We have been throughout the devsing process working with sticks and using a wide variety of exercises from different traditional and contemporary influences. In the beginning of this year the group began practicing one of the Etudes from Vsevolod Meyerhold, in particular to get us to think more with our bodies, to continue to be rhythmically aware and to express emotion and thought spatially.
Sticks have been used to train performers in various cultures in both traditional and contemporary theatre- by the traditional Peking Opera, Eugenio Barba’s Odin Teatret, Vsevolod Meyerhold, Jerzy Grotowski. Complicite theatre company and Peter Brook’s International Centre for Theatre Research in Paris. For Meyerhold, the stick is important for two related reasons: firstly, because it brings together a number of Meyerhold’s training sources . sport (the javelin, the foil), circus (the baton, the juggling club), commedia (the slapstick), silent comedy (Chaplin’s cane); and secondly because the stick constitutes a kind of ur-prop in biomechanics – it is an object which carries all the associations of those disciplines but none of the baggage, an object which speaks to the performer as much as it does to the audience, an object which, in terms of the development of biomechanics, increasingly speaks for all other objects: the prop of all props, if you will. Because of this, the use of sticks remains a central part of biomechanical training today.
Here we share with you one of the first and simplest, but nonetheless important stick exercises from the work of Meyerhold:
Take a metre length stick of wood, of medium weight and strength. Place the stick on the palm of your right hand, keeping it flat. Make sure that your knees are soft and ready, not locked out. Let go of the stick with your left hand and begin to balance it with your right.
Focus all your attention on the top of the stick. You will need at first, perhaps, to move your feet to compensate for its movements, so be led by the stick and dance in time with it. Work to bring the stick under control but enjoy also where it leads you. Don’t forget that others are in the same space, trying to do the same as you. Now repeat this exercise on your left, ensuring once again that all the steps are in place: flat palm, soft knees, attention on the top of the stick.
Here, the stick is acting as an index of your own balance as a performer, it is reading you and reflecting back your centre of balance. Gradually, over days and weeks of returning to this exercise, the movement needed to keep the stick vertical is reduced and the object develops a haunting sense of stasis. This is a sign of a developing and hidden ‘technique’ – it can only be achieved by practising the art of balance repeatedly. The static stick conceals numerous micro-changes being performed by you in the act of balancing; like all technical studies, the virtuosity of this exercise only becomes recognisable through its absence . as a shadow behind the observable act.

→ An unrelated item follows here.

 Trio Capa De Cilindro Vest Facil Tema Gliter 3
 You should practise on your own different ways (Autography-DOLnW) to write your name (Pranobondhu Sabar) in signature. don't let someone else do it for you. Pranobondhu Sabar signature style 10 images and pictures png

An 1829 letter to his mother, reveals how Gogol viewed St Petersburg’s inauthentic condition:
“Petersburg is not at all like other European capitals or Moscow. In general each capital is characterized by its people, who throw their stamp of nationality on it; but Petersburg has no such character-stamp: the foreigners who settled here have made themselves at home and aren’t like foreigners at all, and the Russians in their turn have turned into foreigners – they aren’t one thing or the other”
Further events here become enshrouded in mist.
A nose! Sure enough a nose! Yes, and one familiar to him, somehow! Oh, horror spread upon his face!